• _Given data_:
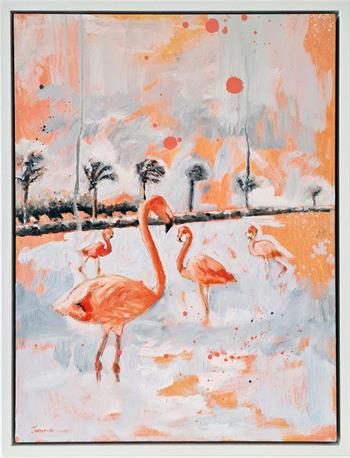 Orange Splendour - Painting by Janna Prinsloo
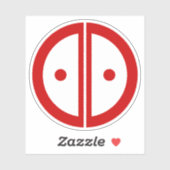 Emblem von Akashi, Hyōgo, Japan Aufkleber (Blatt)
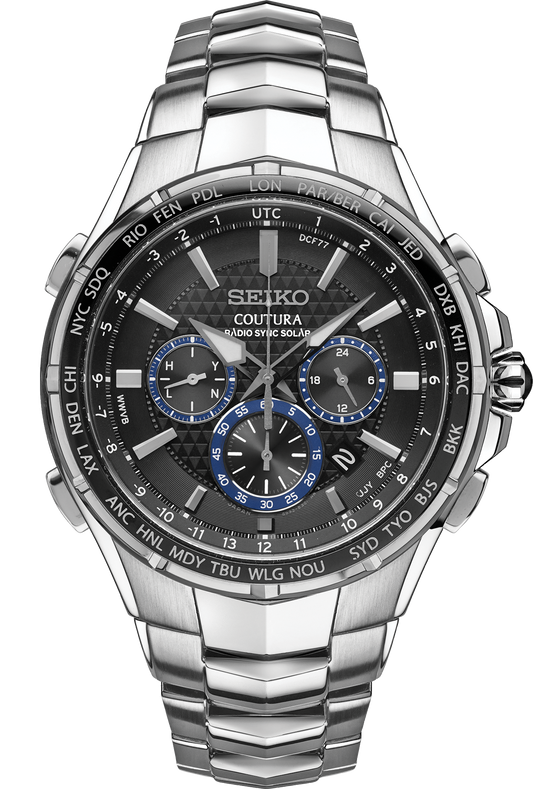 Seiko Coutura Radio Sync Solar Chronograph SSG009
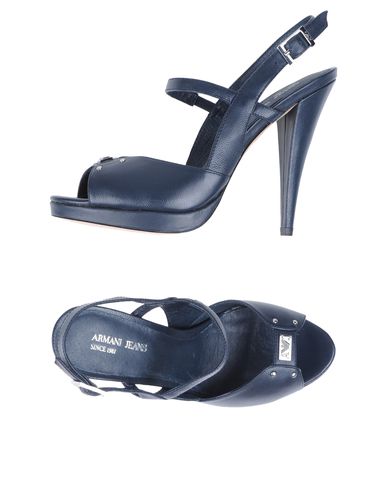 ZOOM ARMANI JEANS - Platform sandals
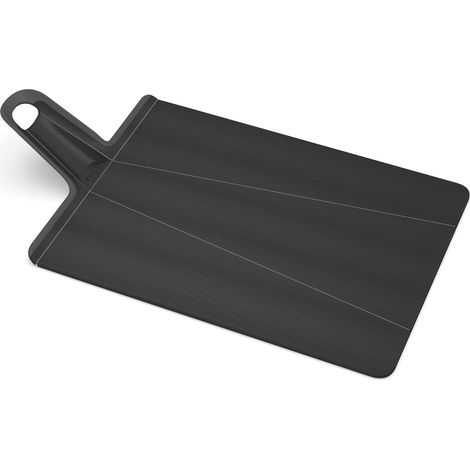 Tabla de Cortar Plegable Negra Chop2Pot™ Plus, Multifuncional, para Cortar, Picar y Servir, Base Antideslizante, Resistente, Apta para Lavavajillas, Diseño Compacto y Funcional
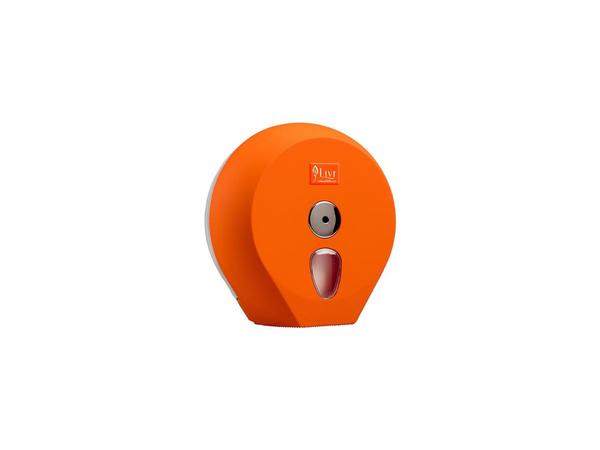 product image for Livi Orange Jumbo Toilet Roll Dispenser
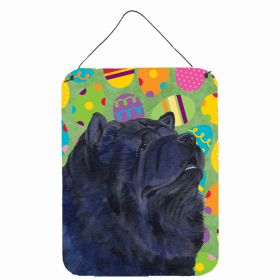 Chow Chow Art Easter Eggtravaganza Wall or Door Hanging Prints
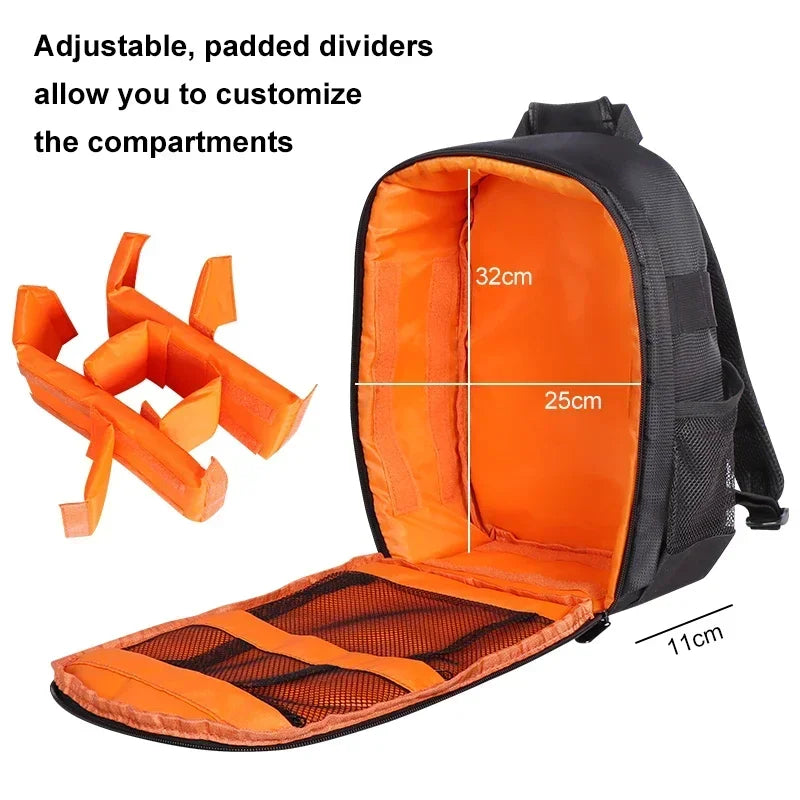 Outdoor Camera Backpack Video Digital Shoulder Camera Bag Waterproof Photo Knapsack Case DSLR For Canon Nikon Sony Olympus Fuji Zpaxo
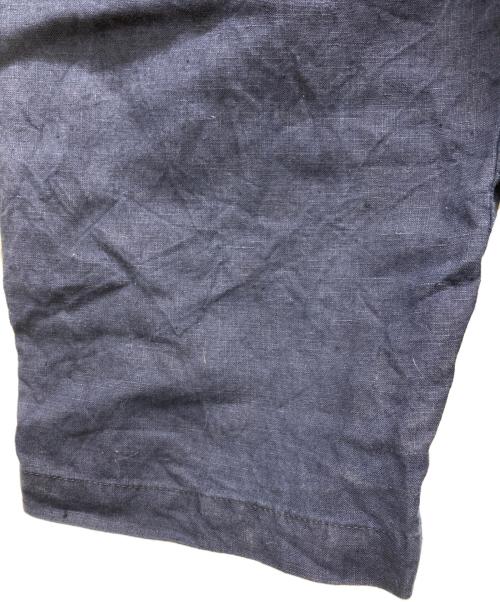 RALPH LAUREN（ラルフローレン）RALPH LAUREN (ラルフローレン) タックリネンスラックス ネイビー サイズ:12の古着・服飾アイテム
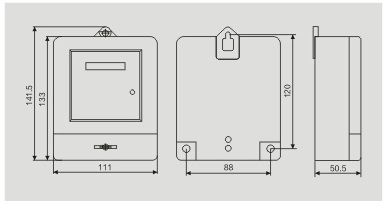High Accuracy Single Phase Static Energy Meter , Private Single Phase Digital Power Meter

• _Task statement_:
Would you please copy, exactly and only, the lines from the one with "RALPH LAUREN（ラルフローレン）RALPH LAUREN" through the end of the entries above, skipping every picture?

• _Written answer_:
 RALPH LAUREN（ラルフローレン）RALPH LAUREN (ラルフローレン) タックリネンスラックス ネイビー サイズ:12の古着・服飾アイテム
High Accuracy Single Phase Static Energy Meter , Private Single Phase Digital Power Meter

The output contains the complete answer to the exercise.